SUPPLIED DATA
────────────────

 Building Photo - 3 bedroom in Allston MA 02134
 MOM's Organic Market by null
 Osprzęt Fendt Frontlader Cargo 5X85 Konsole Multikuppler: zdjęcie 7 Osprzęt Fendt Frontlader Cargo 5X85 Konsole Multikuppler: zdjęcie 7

────────────────

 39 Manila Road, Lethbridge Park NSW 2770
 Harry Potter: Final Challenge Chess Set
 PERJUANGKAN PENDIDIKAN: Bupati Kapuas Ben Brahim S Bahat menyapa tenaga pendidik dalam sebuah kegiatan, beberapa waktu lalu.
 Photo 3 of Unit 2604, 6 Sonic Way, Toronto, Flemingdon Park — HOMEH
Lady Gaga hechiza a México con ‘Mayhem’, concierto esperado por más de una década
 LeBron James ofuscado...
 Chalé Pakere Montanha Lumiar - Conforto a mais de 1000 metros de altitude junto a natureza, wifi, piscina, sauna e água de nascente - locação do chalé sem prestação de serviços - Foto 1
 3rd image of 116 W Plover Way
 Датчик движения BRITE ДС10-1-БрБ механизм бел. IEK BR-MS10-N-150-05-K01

────────────────

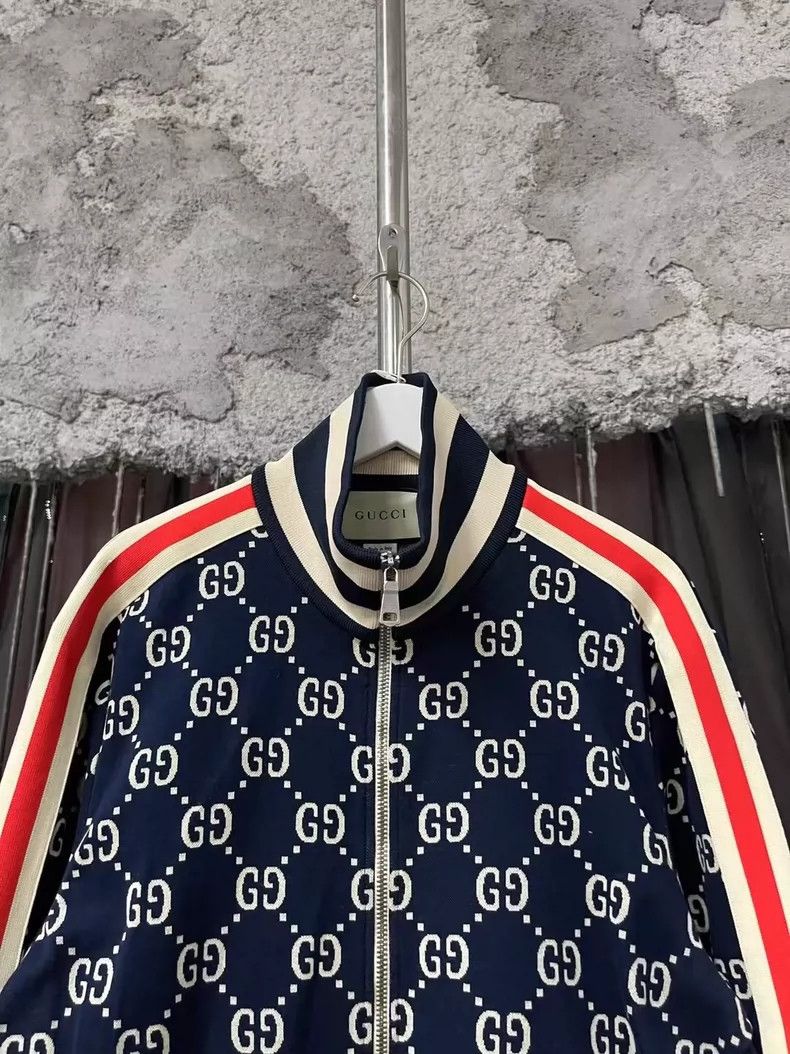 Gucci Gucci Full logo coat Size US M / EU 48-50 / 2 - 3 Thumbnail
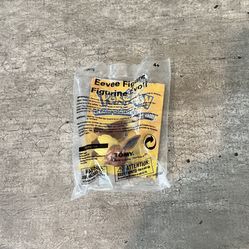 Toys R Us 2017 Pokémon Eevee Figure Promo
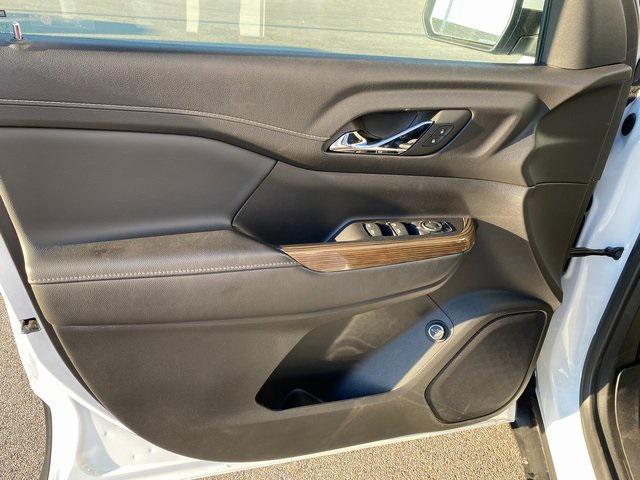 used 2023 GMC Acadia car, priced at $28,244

────────────────

WORK INSTRUCTION
Scan the entries above, and wherever a line holds the string "Park", copy it.

EXPECTED ANSWER
 39 Manila Road, Lethbridge Park NSW 2770
 Photo 3 of Unit 2604, 6 Sonic Way, Toronto, Flemingdon Park — HOMEH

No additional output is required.